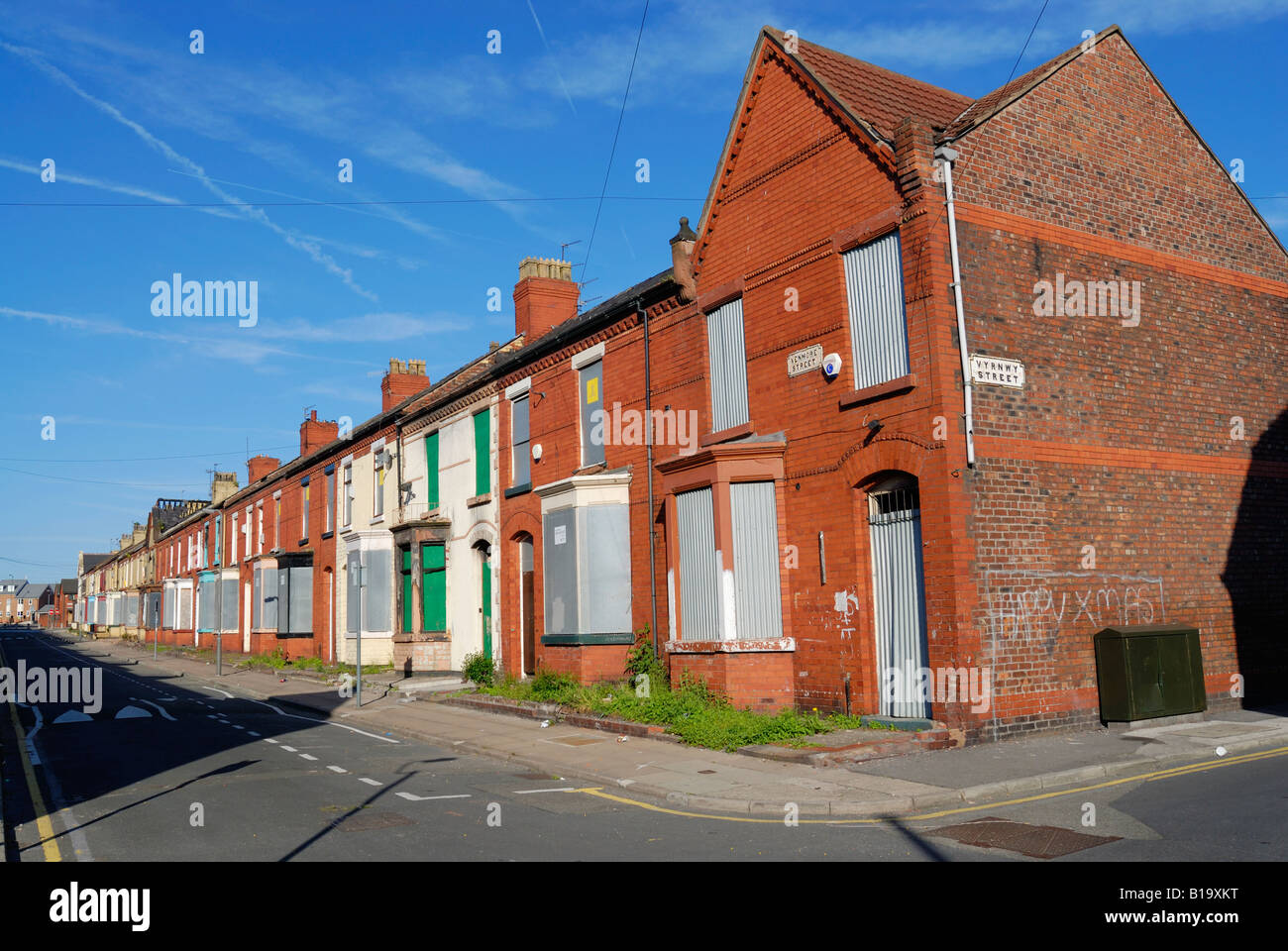 Housing in Venmore Road in the Anfield district of Liverpool boarded up ready for redevelopment. Stock Photo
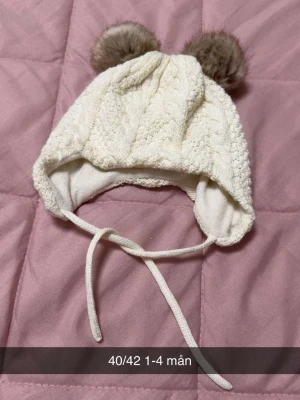 Vit stickad babymössa med tofsar - Supersöt vit stickad babymössa med två fluffiga bruna tofsar på toppen och knytband under hakan. Mössan har ett fint kabelstickat mönster och täcker öronen för extra värme. Perfekt för små barn under kalla dagar.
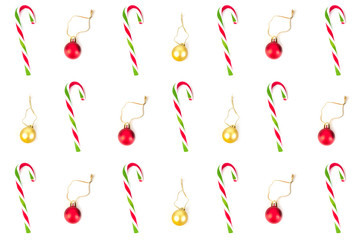 Minimal flat lay design of elements such as red and gold decoration ball and red and green striped sweet candy cane, for Christmas season on white background.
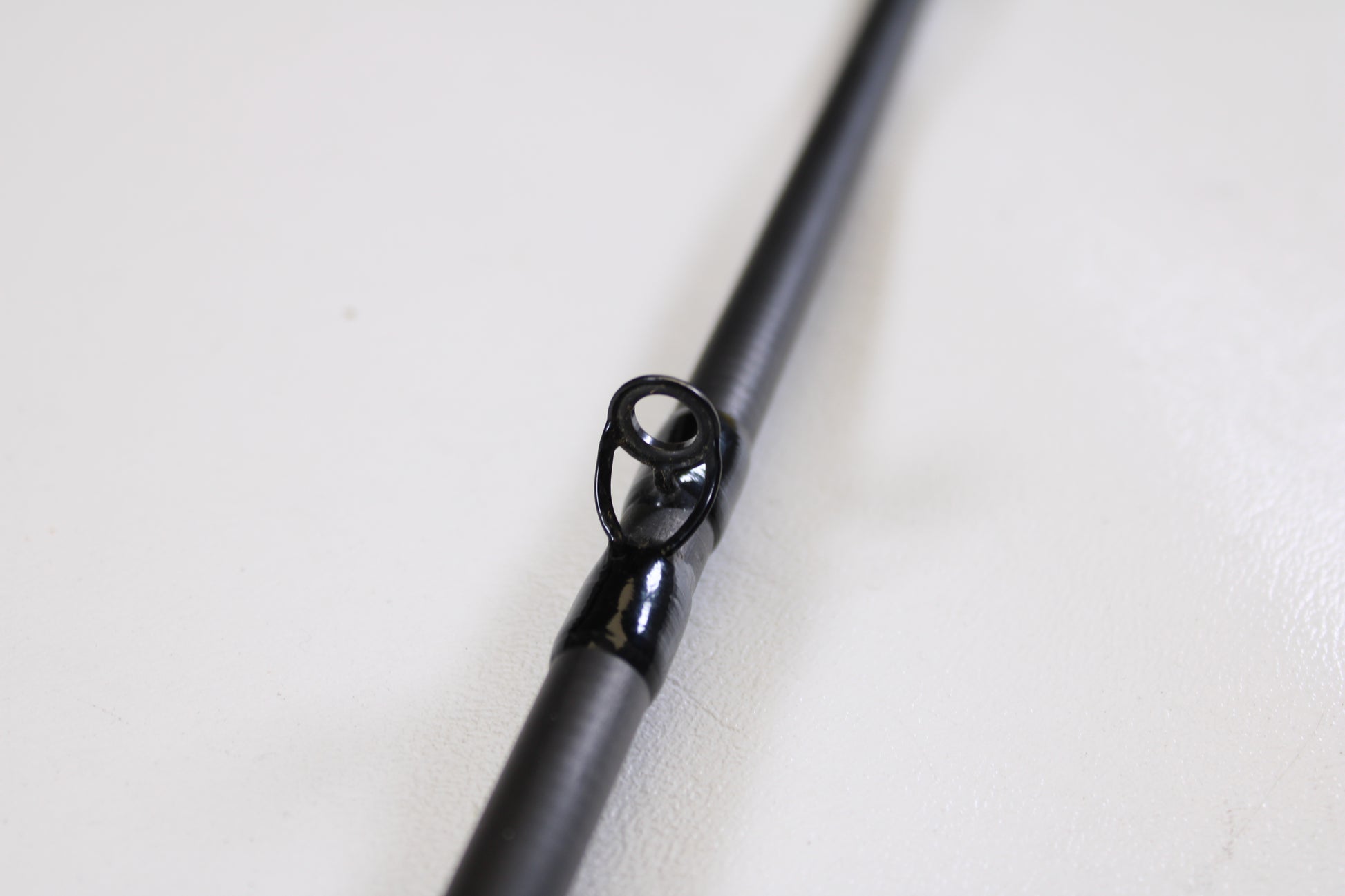 Close-up of the Shimano Intenza A NTZC72MHA 7'2" Medium Heavy Used Casting Rod’s guide, highlighting the black metal ring—ideal for anglers seeking quality used gear or trading in rods and reels for store credit.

WORK ORDER.
Once the pictures are set aside, restate the remaining data above exactly.

RESULT FOR THIS TASK.
 Housing in Venmore Road in the Anfield district of Liverpool boarded up ready for redevelopment. Stock Photo
 Vit stickad babymössa med tofsar - Supersöt vit stickad babymössa med två fluffiga bruna tofsar på toppen och knytband under hakan. Mössan har ett fint kabelstickat mönster och täcker öronen för extra värme. Perfekt för små barn under kalla dagar.
 Minimal flat lay design of elements such as red and gold decoration ball and red and green striped sweet candy cane, for Christmas season on white background.
 Close-up of the Shimano Intenza A NTZC72MHA 7'2" Medium Heavy Used Casting Rod’s guide, highlighting the black metal ring—ideal for anglers seeking quality used gear or trading in rods and reels for store credit.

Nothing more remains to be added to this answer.